Unterwegs im Land of Maybe. In Stefans Geschichte vom Meer geht es in dieser Folge um eine Reise auf die Färöer, die unvergesslich bleibe wird.
Selbst die Alten konnten sich nicht daran erinnern, wann zuletzt so viel Schnee auf den Inseln gefallen war. Sobald der Bus die Berge erreichte, bot sich daher mehr Abenteuer, als uns das lieb war. Bei Schnee und Eis und Matsch auf engen Straßen unterwegs zu sein, die steil in den Nordatlantik abfallen, daran muss man sich erst gewönnen.
Schneesturm über den Färöer
Selbst Fahrer Jogvan, der eine stoische, wikingereske Ruhe ausstrahlt und darauf hinwies, dass er in Dänemark ein Bustraining auf Eis absolviert hatte, war eine gewisse Nervosität anzumerken. Vor einer besonders steilen Steigung griff er jedenfalls häufiger also sonst in die Tüte mit Süßigkeiten auf dem Armaturenbrett.
So ist das, wenn man im Land des Vielleicht unterwegs ist. „Land of Maybe“, so nannte ein britischer Soldat, der im Zeiten Weltkrieg hier stationiert war, die Färöer. Denn „Kanska“ – übersetzt: vielleicht – ist das vermutlich meistgesprochene Wort auf den 18 Inseln der Schafe. Auf dem 62. Breitengrad fällt fünf Mal so viel Regen wie auf den regenreichen Britischen Inseln, hier gibt es fünfhundert Mal so viel Wind. Vielleicht geht morgen die Fähre. Vielleicht spielen wir morgen Fußball. Vielleicht klappt morgen der Ausflug.

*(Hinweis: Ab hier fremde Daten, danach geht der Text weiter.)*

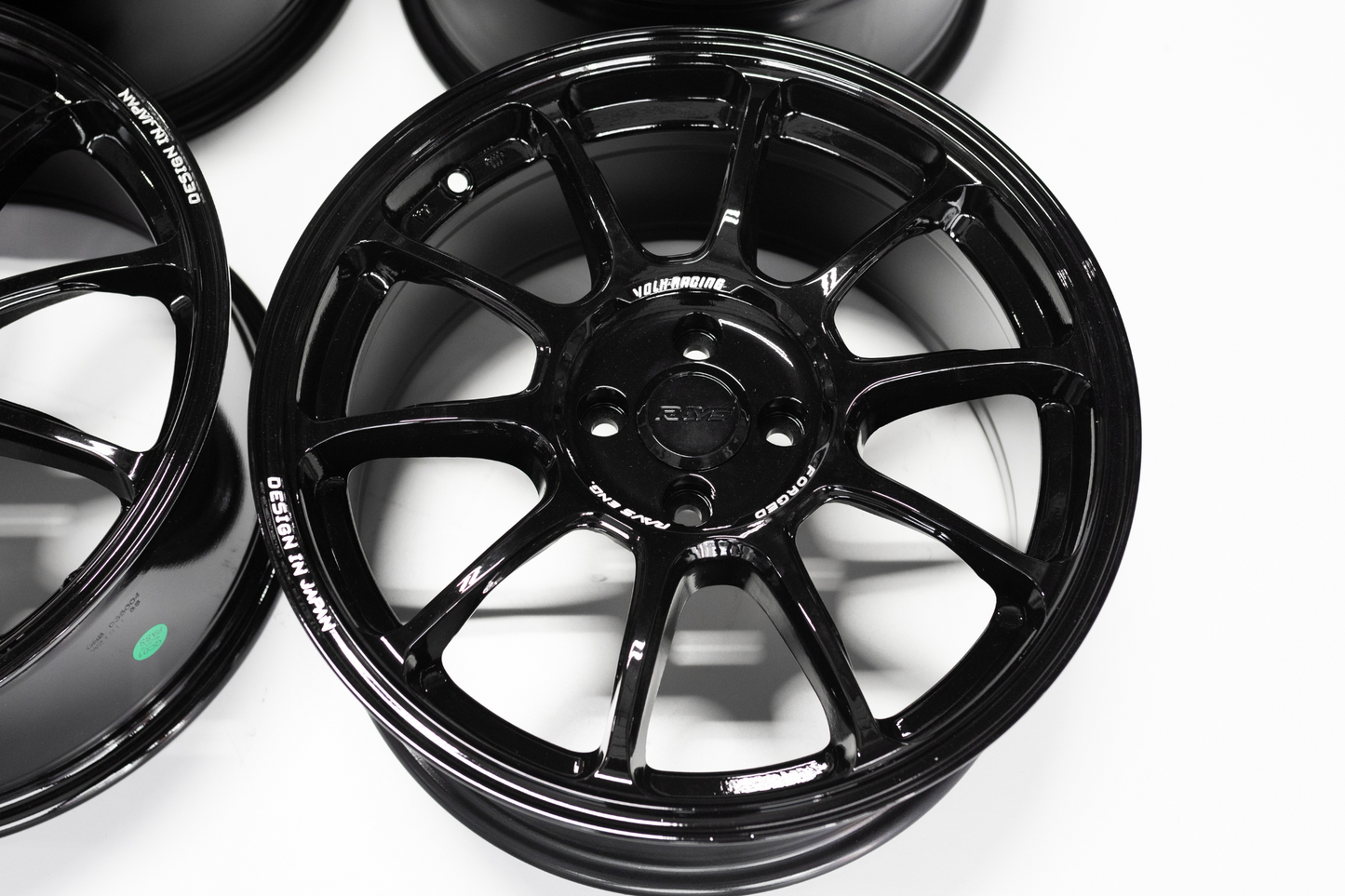 Volk Racing ZE40 Style 18" 8.5J (4X100)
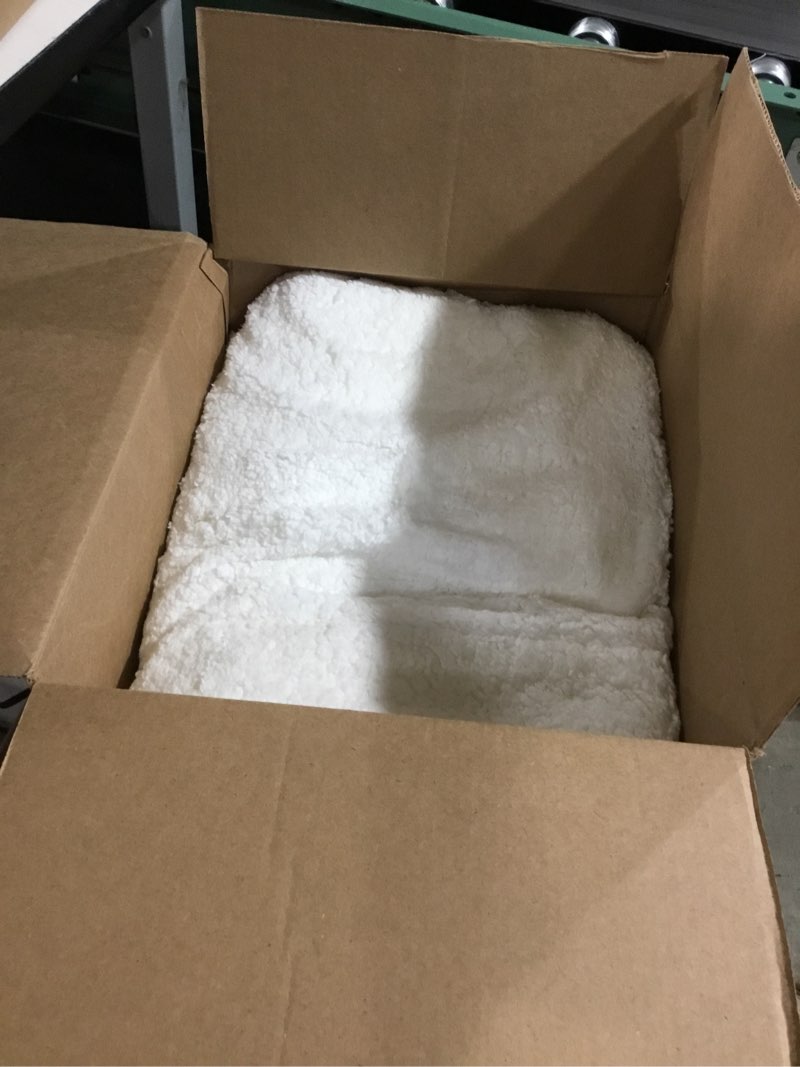 Condition photo showing Good Condition for Bedsure GentleSoft Sherpa Fleece Blankets King Size for Bed - Thick and Warm Throw for Women and Men, Soft Fuzzy Plush King Blanket for Winter, White, 108x90 Inches King (108" x 90") 06 - White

Mancher Ort, den wir unbedingt anschauen wollten, wie die Insel Kalsoy, auf der James Bond im letzten Film beerdigt wird, blieb im Schneesturm unerreichbar. Andere Plätze, etwa das Fischerdorf Bøur oder die Kirchensiedlung Kirkjubøur, entwickelten im Treiben von Flocken und Wind eine Magie, die unvergesslich bleiben wird.
Unterwegs im Land of Maybe
Das vielleicht Schönste war, dass diese ganzen „vielleicht“ niemanden zu stören schienen. Keinen aus unserer Reisegruppe, schon gar keinen Insulaner. Wir bekamen einen Eindruck von Gemeinschaft und Freundlichkeit und Zusammenhalt einer Inselkultur, die seit Jahrhunderten so funktionieren muss. Weil sie nur so, weit draußen in einem wilden Ozean, überleben kann.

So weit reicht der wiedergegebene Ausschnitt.